Zynga has sometimes received some criticism for it’s top-down, confrontational managerial style. While the company seeks to define itself away from Facebook and faces criticism from investors, Zynga founder Mark Pincus explained the company culture.
“An important, fundamental part of our culture is that we think that every person in the company should feel like a principal, an owner, a founder of this vision,” said Pincus. “They should challenge the vision, the mission, the strategy, and the values. Sometimes we change the values based on those challenges, and sometimes we need our teams to call out that we are not living up to those values.”
“Our No. 1 value is that we are making products that we love, that we think us and our friends and family want to play,” he added. “The first thing I say to new hires is that if you are working on a game and you don’t feel connected to it or love for it, don’t be embarrassed to talk about it.”
Pincus hopes with this philosophy, it will lead the company back to the audiences it had a year ago. “The promise of games for everyday people is still so much greater than the experience that everyone has today,” offered Pincus. “The overall tectonic shifts that are going on in games and more broadly in media are that everything is moving to becoming free, social and accessible. But we’re just at the beginning of that.
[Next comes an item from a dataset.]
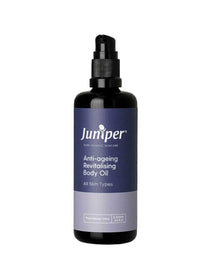 A black pump bottle labeled Juniper Anti Ageing Revitalising Body Oil 100ml, a natural body oil for all skin types and mature skin, Practitioner Only, on a white background.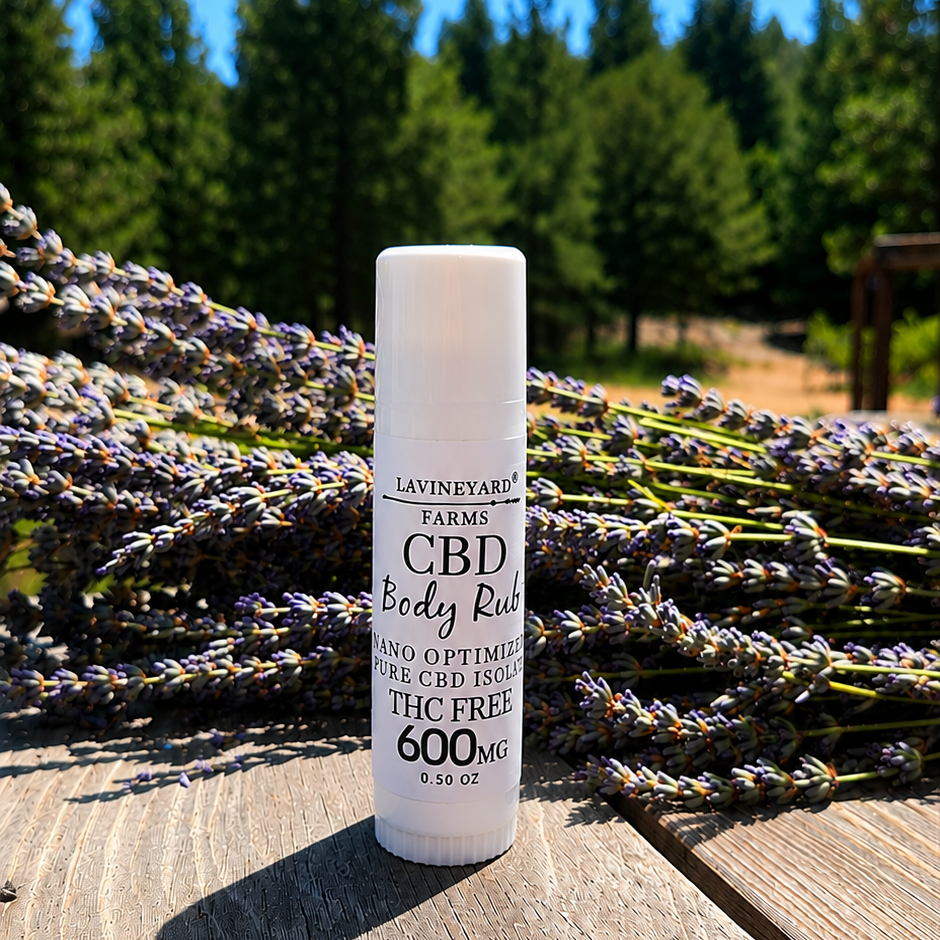 CBD body rub bottle with lavender in the background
We can get to a day where short-session play can enhance, if not replace text messaging as a way to stay in touch with people.”
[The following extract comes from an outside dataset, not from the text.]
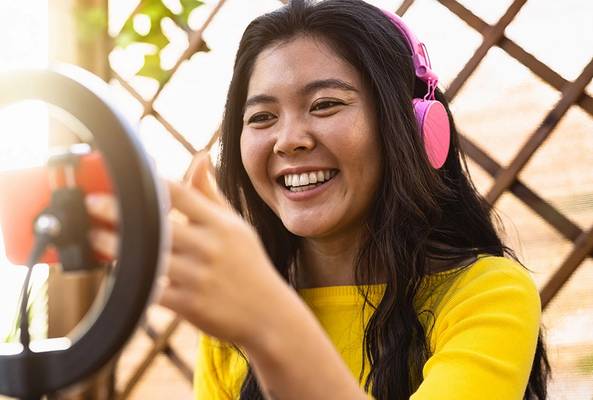 Young woman with pink headphones recording video using smartphone and ring light outdoors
As far as working on other platforms that aren’t PC, he said, “I still believe that we can offer you a much deeper, more engaging, more compelling play experience on a PC than we can on a mobile device, but one can enhance the other and one can expand the other. I don’t think they necessarily will compete with each other, just like how we find a place for movies in our lives, and TV and radio. The same will be true between a handset a tablet and a PC.”
On the relationship with Facebook, Pincus said, “It has been hugely positive for us, for Facebook and for both of our consumers. Facebook has been an incredible catalyst, an accelerator, of social gaming and of other industries. And we are appreciative of that and we think that we helped see a significant catalyst for engagement on their own platform, and now on iPhone as well.”